### [PROVIDED DATA]
--- START ---

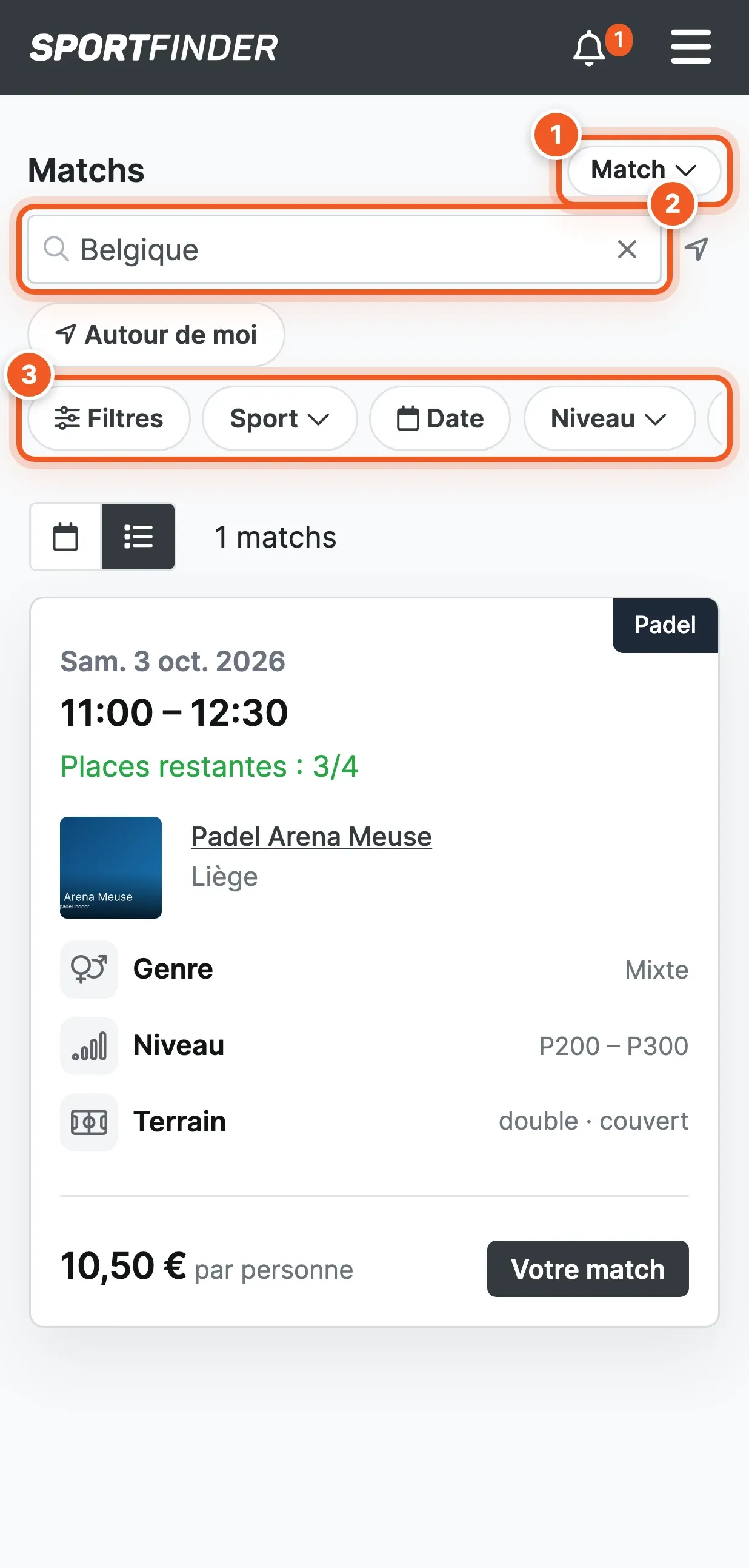 Liste des matchs sur téléphone : la pastille « Je recherche » (1), le champ de lieu (2), les pastilles Filtres, Sport, Date, Niveau, Genre (3), puis un match ouvert à Padel Arena Meuse.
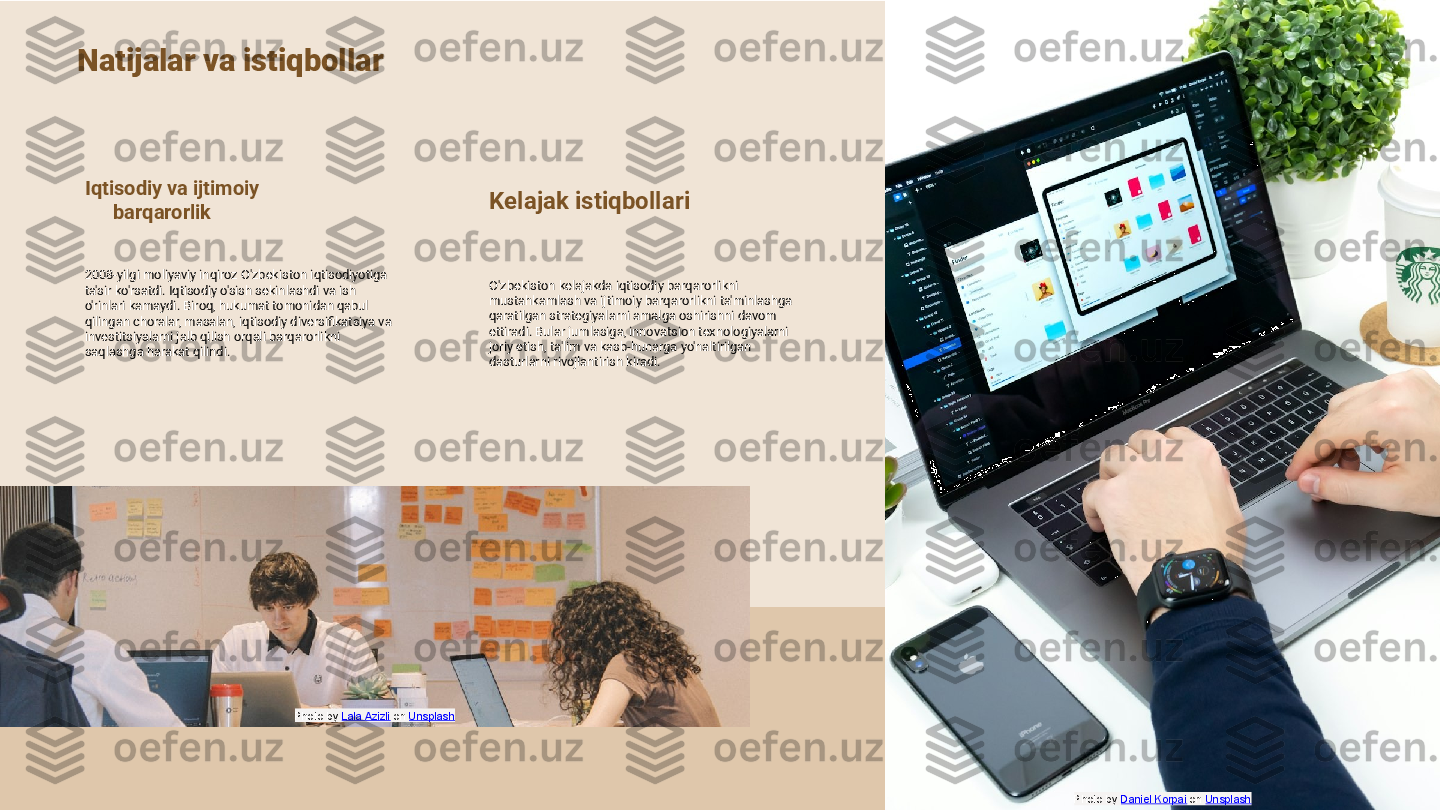 Natijalar va istiqbollar
Iqtisodiy va ijtimoiy 
barqarorlik
2008-yilgi moliyaviy inqiroz O'zbekiston iqtisodiyotiga 
ta'sir ko'rsatdi. Iqtisodiy o'sish sekinlashdi va ish 
o'rinlari kamaydi. Biroq, hukumat tomonidan qabul 
qilingan choralar, masalan, iqtisodiy diversifikatsiya va 
investitsiyalarni jalb qilish orqali barqarorlikni 
saqlashga harakat qilindi. Kelajak istiqbollari
O'zbekiston kelajakda iqtisodiy barqarorlikni 
mustahkamlash va ijtimoiy barqarorlikni ta'minlashga 
qaratilgan strategiyalarni amalga oshirishni davom 
ettiradi. Bular jumlasiga, innovatsion texnologiyalarni 
joriy etish, ta'lim va kasb-hunarga yo'naltirilgan 
dasturlarni rivojlantirish kiradi.
Photo by  Daniel Korpai  on  UnsplashPhoto by  Lala Azizli  on  Unsplash 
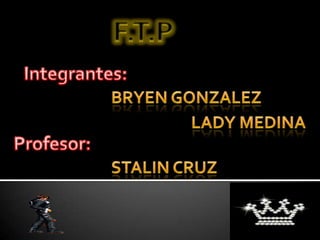 F.T.P Integrantes: Bryen Gonzalez Lady medina Profesor: Stalin Cruz 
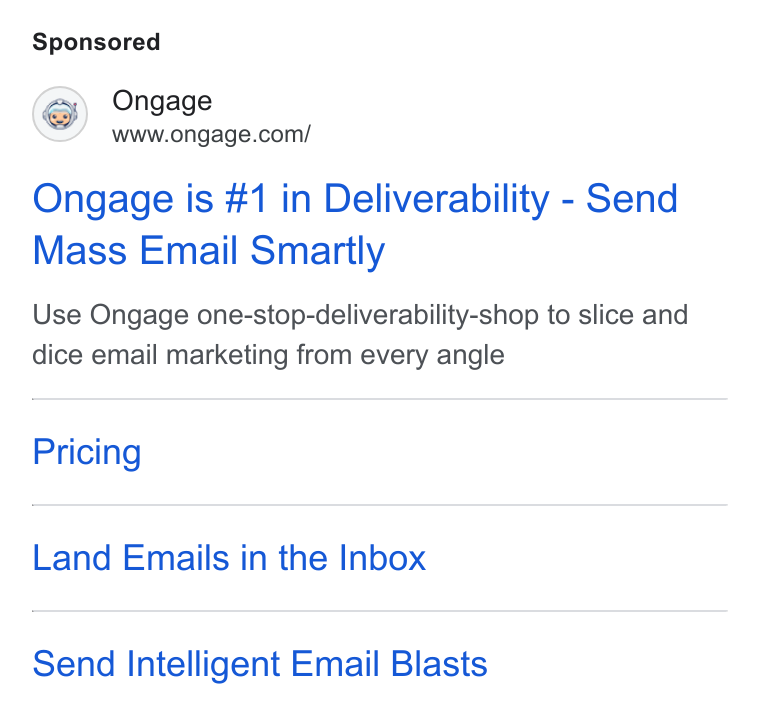 Ongage ad on Google Ads: Ongage is #1 in Deliverability - Send Mass Email Smartly Use Ongage one-stop-deliverability-shop to slice and dice email marketing from every angle Pricing Land Emails in the Inbox Send Intelligent Email Blasts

--- END ---

### [DESCRIPTION OF THE TASK]
The lines above that hold the word "ijtimoiy" should be found and copied out.

### [SOLUTION FOR THIS PROBLEM]
Iqtisodiy va ijtimoiy 
mustahkamlash va ijtimoiy barqarorlikni ta'minlashga 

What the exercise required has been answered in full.